On note aussi quelques contradictions, dues peut-être au fait que le livre a été rédigé par des auteurs distincts, ne partageant pas tout à fait la même sensibilité. Ainsi des sentiments ambigus à l’égard du gangsta rap, entre regret pour ses dérives et satisfaction qu’un registre si infréquentable ait su s’imposer. Même discours équivoque sur le rock, quand les auteurs se félicitent des escapades des rappeurs dans ce champ et des expériences crossover à la Judgment Night, tout en dénigrant une critique rock qui n’aurait jamais rien compris aux rappeurs (ce qui est en partie vrai en France, et un peu moins pour les Etats-Unis).

Tout cela est d’autant plus contradictoire que l’écriture est elle-même excessivement rock critic, par son style, et par ce mythe de l’underground contre le mainstream qui l'alimente. Les propos sont souvent excessifs. Comme le rap lui-même, me diriez-vous ? Certes, le rap manie lui aussi l’hyperbole et l’exagération. Il aime quand c’est gros et forcé. Mais il est plus cynique, plus vénal et plus terre-à-terre, il est moins romantique et rock’n’roll que le récit qu’en font les auteurs. Ces différences, d’ailleurs, ont été quelques uns de ses apports à la musique.

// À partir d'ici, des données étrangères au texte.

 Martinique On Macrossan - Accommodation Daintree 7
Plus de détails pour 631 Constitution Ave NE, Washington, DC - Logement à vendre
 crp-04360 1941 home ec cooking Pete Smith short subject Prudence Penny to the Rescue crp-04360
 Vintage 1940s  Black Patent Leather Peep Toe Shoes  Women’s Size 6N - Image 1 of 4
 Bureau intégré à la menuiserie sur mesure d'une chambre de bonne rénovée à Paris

Enthousiastes, exaltés, Fred Hanak et Thomas Blondeau en viennent même à commettre des erreurs. Les dates, notamment, sont souvent fausses : "Mind Playin' Tricks on Me" des Geto Boys, par exemple, est sorti en 1991, pas en 1993 ; The Chronic de Dr Dre est de 1992, pas de 1993 ; 400 Degreez de Juvenile est paru en 98, pas en 99 ; Funcrusher Plus de Company Flow date de 97, et son prédécesseur le EP Funcrusher de 96, pas de 95. Aussi, il est écrit à plusieurs reprises que les membres du Wu-Tang sont huit, alors qu’ils étaient neuf avant le décès d’Ol’ Dirty Bastard (Masta Killa semble avoir été oublié). Et c’est 2Pac qui est mort le premier, en 1996, pas Biggie, contrairement à ce qui est écrit ici.

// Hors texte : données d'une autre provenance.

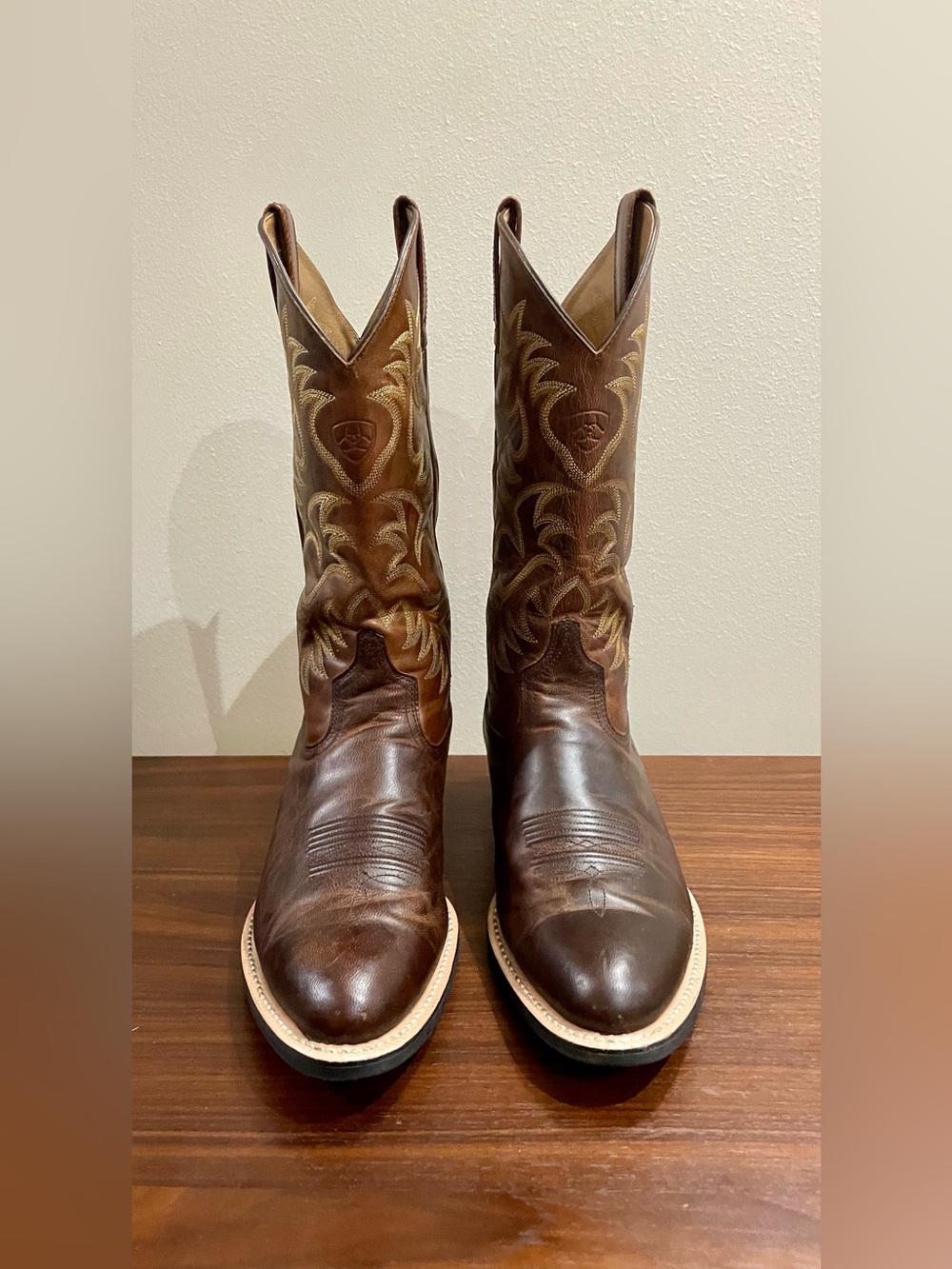 Ariat Men’s Western Cowboy Boots Brown Leather Square Toe Size 9D EUC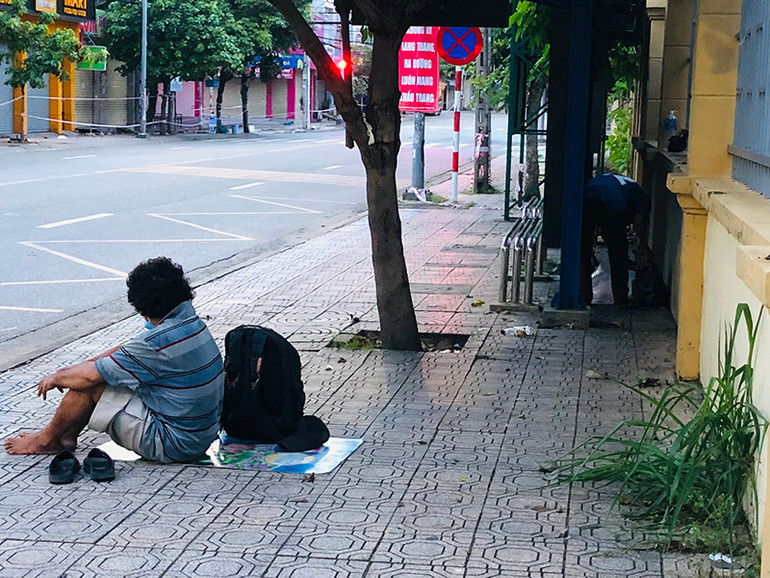 Nhiều người lang thang trên đường phố Biên Hòa cần được hỗ trợ -0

Ce côté partial, et partiel, on le retrouve dans les entretiens. Ils n’ont pas été écrits pour le livre, et cela se ressent. Tous sont intéressants (à l’exception notable de celui avec Jay-Z). Cependant, ils portent souvent sur des micro-sujets, ceux qui, à l’époque où ils ont été faits, préoccupaient les magazines où ils devaient paraître, et qui faisaient écho à l’actualité. Ainsi l’interview de DJ Shadow porte-t-elle avant tout sur sa conversion au son hyphy à l’époque de The Outsider. Pareil pour l’entretien avec Slim Thug, qui se concentre sur DJ Screw et le son screwed & chopped, un avatar important, mais un seul parmi d’autres, de la sémillante scène sudiste. Même chose encore de la discussion avec Ice Cube, où il est question avant tout de son déclin artistique, l’intervieweur, audacieux, se risquant à pousser l’ancien cauchemar de l’AmeriKKKe dans ses derniers retranchements.

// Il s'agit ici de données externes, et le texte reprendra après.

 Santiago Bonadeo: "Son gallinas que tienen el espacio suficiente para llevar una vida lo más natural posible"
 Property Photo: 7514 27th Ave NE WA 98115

L’entretien le plus captivant, en fait, s’avère être le seul avec un non rappeur. George Clinton, en effet, a le mérite de jeter un regard malin sur le hip-hop. Il le compare à d’autres musiques, il le met perspective avec l'intelligence du vieux sage. Souvent, en effet, ce sont ces points de vue qui sont les plus riches : ceux des gens qui ont un pied en dehors, et un pied en dedans. Mais ceux-là, comme beaucoup d’autres, comme le souligne Olivier Cachin, n’écrivent pas sur le rap. Hanak et Blondeau, eux, l’on fait. Et pour qui veut, sans savoir lire l’anglais, s'initier au rap, au vrai, l’Américain, ce livre est chaudement recommandé.

PS : pour rappel, il avait déjà été question sur ces pages du second volume de Combat Rap, consacré au rap français, lequel vaut davantage encore le détour.